→ **Task to complete**:
Excluding pictures, retype the line with "Pret: 57.000 EURO, Vanzare" and each line that follows it to the end of the data below, word for word.
#### Provided entries
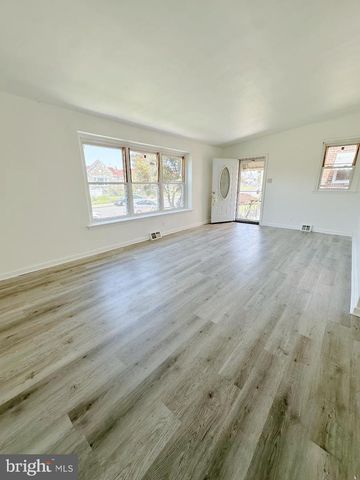 2325 OAKMONT ST, Philadelphia, PA 19152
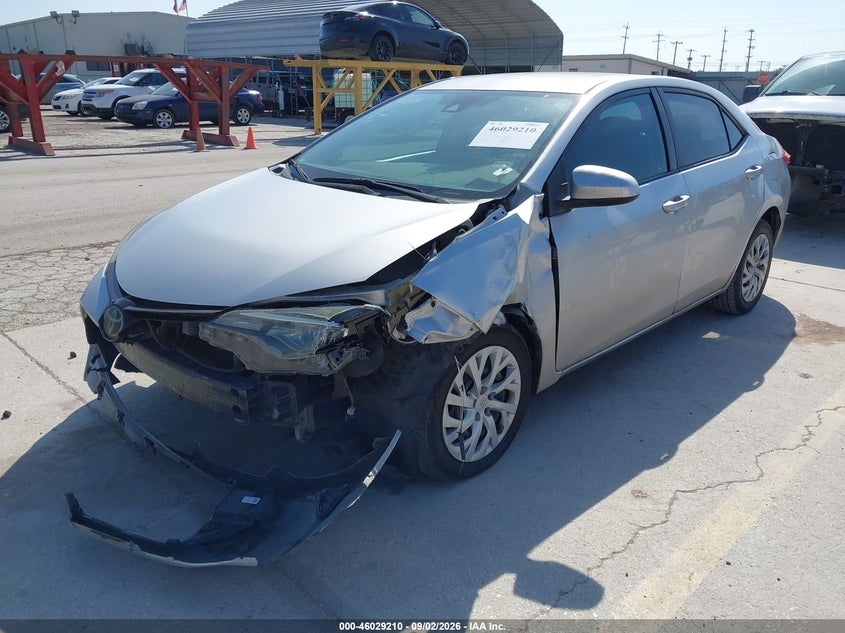 2018 Toyota Corolla, Удар спереду, IAAI, VIN 5YFBURHE2JP810951 — фото 2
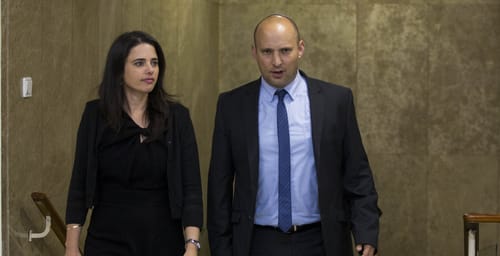 זה לא בנט זה אתם- פרשנות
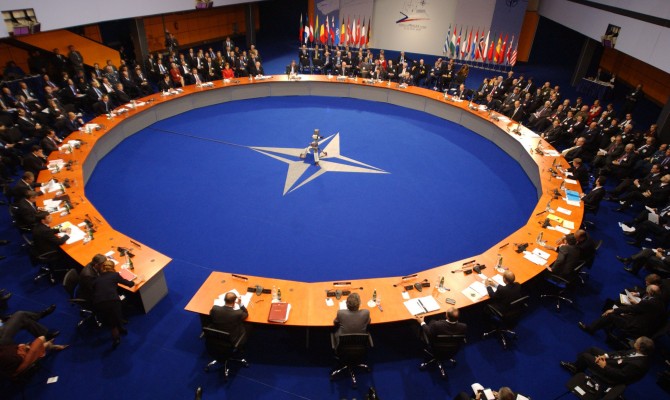 НАТО созывает послов в связи с крушением российского Су-24 в Сирии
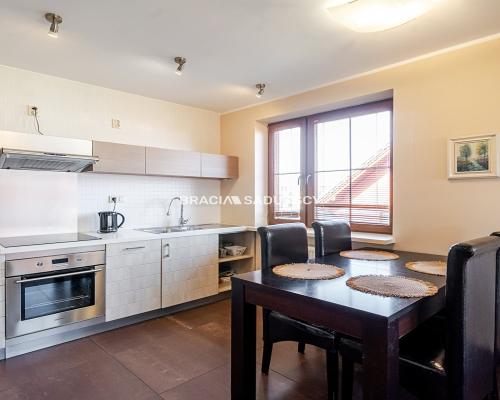 Przestronne mieszkanie z dużym tarasam / parking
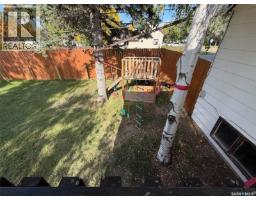 200 3rd Street E, Ponteix, SK S0N1Z0 Photo 59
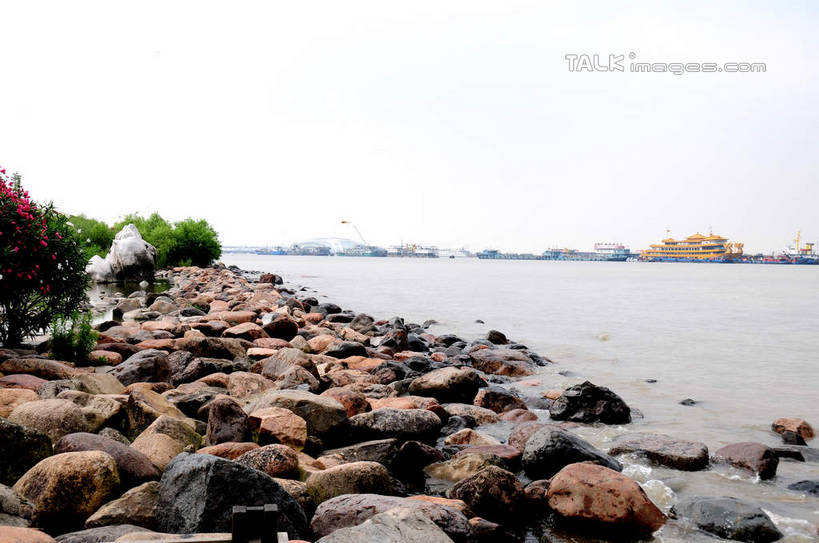 无人,公园,横图,室外,白天,正面,旅游,度假,河流,石头,美景,水,植物,上海,中国,亚洲,阴影,波纹,盛开,光线,石子,影子,河水,景观,水流,涟漪,花蕾,娱乐,花,花瓣,花朵,鲜花,树,树木,绿色,倒影,水纹,天空,阳光,自然,波浪,天,花苞,花蕊,享受,休闲,景色,放松,生长,成长,申,倒映,自然风光,宝山区,东亚,上海市,炮台湾湿地森林公园,中华人民共和国,沪,华东地区,水晕,反照,石块,岩石,彩图,吴淞炮台湾湿地森林公园,shsgf1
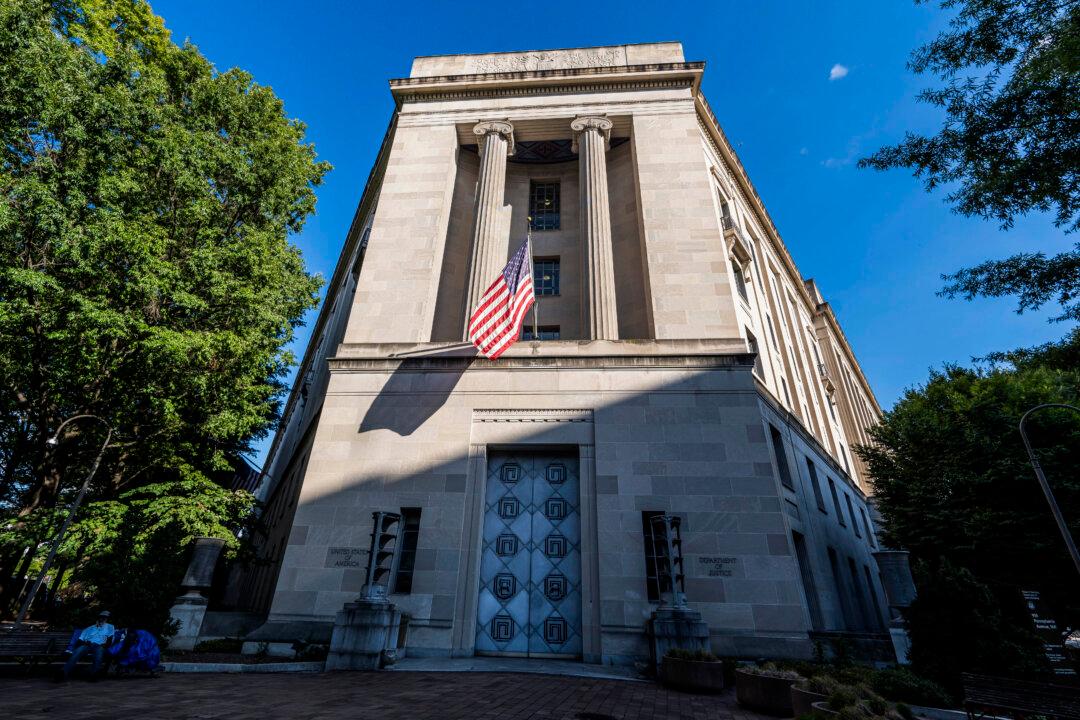 DOJ Directs Prosecutors to Probe Officials Who Obstruct Immigration Enforcement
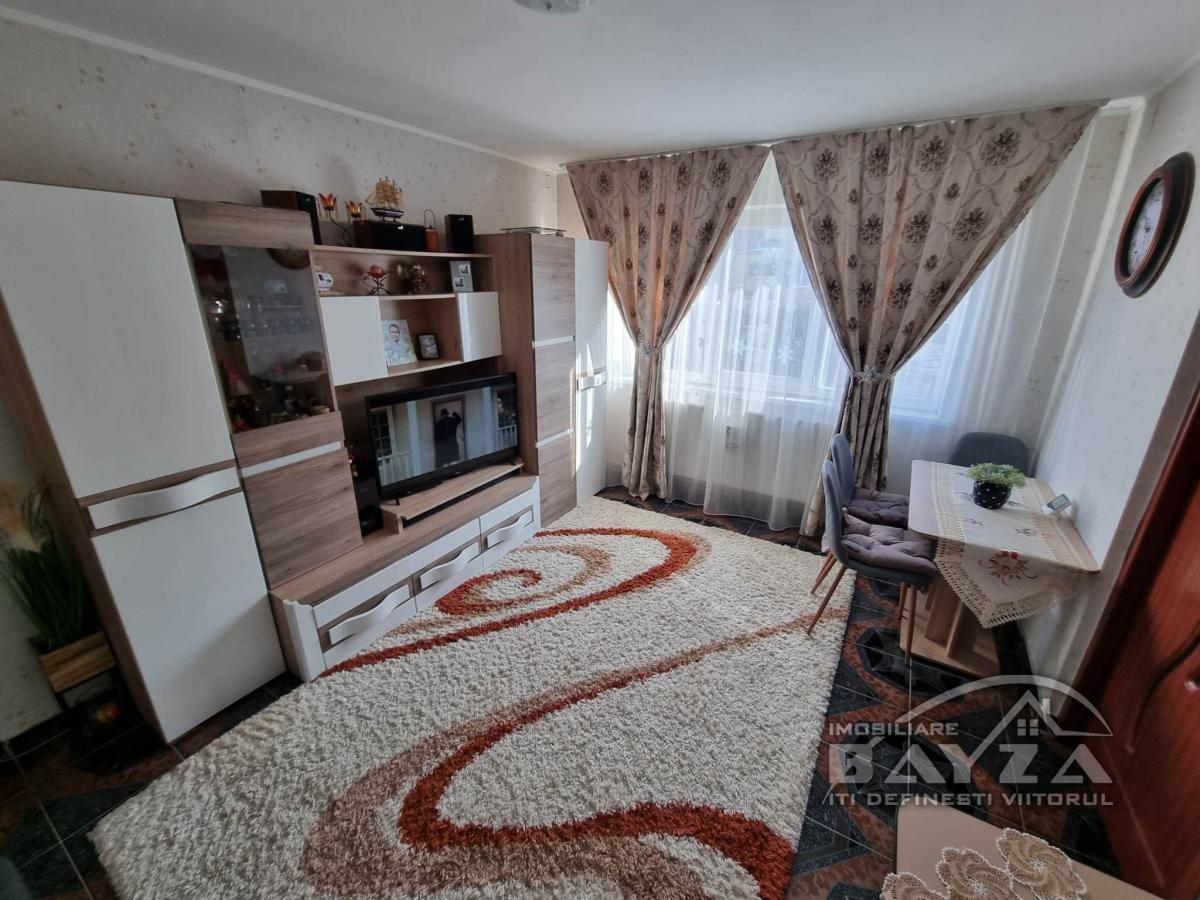 Pret: 57.000 EURO, Vanzare apartament 2 camere, zona Cuza Voda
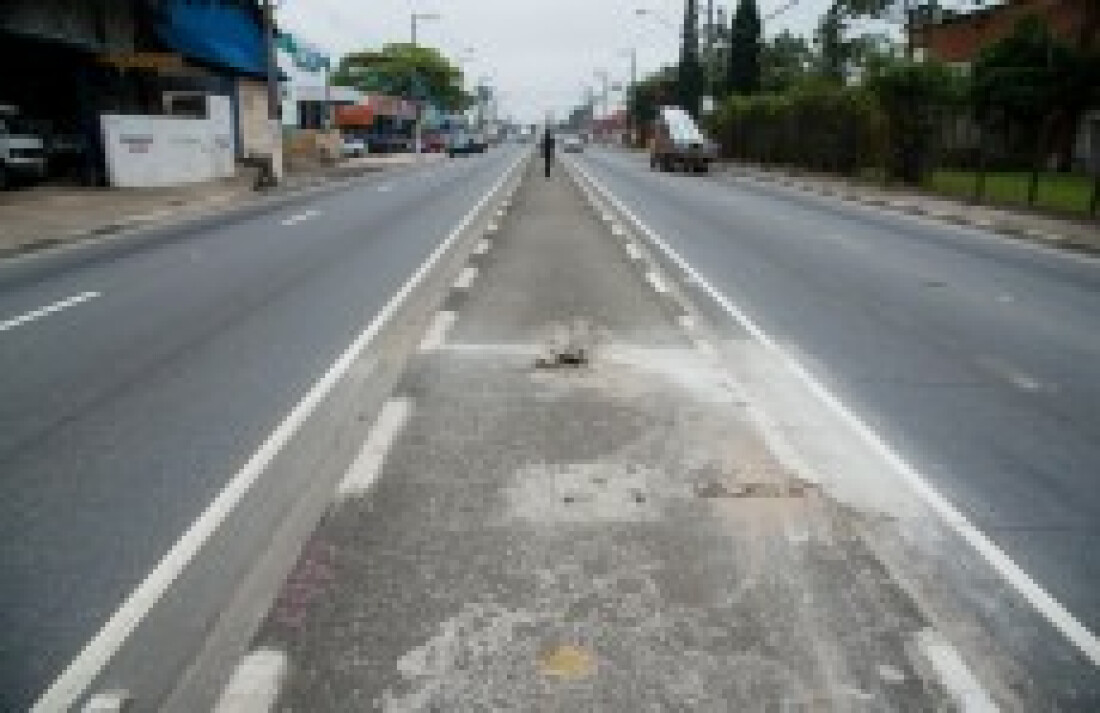 Prefeitura de Suzano tira lombada eletrônica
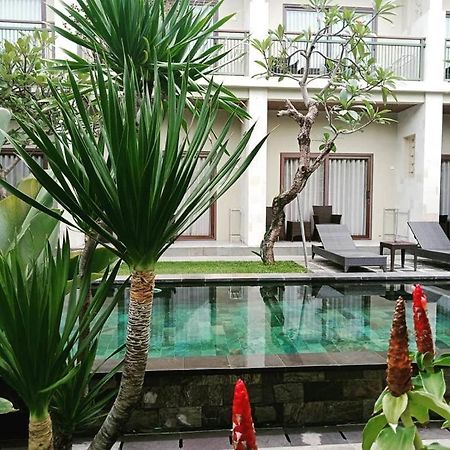 Arnaya Homestay Kuta Lombok Exterior foto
########
→ **Exercise response**:
 Pret: 57.000 EURO, Vanzare apartament 2 camere, zona Cuza Voda
 Prefeitura de Suzano tira lombada eletrônica
 Arnaya Homestay Kuta Lombok Exterior foto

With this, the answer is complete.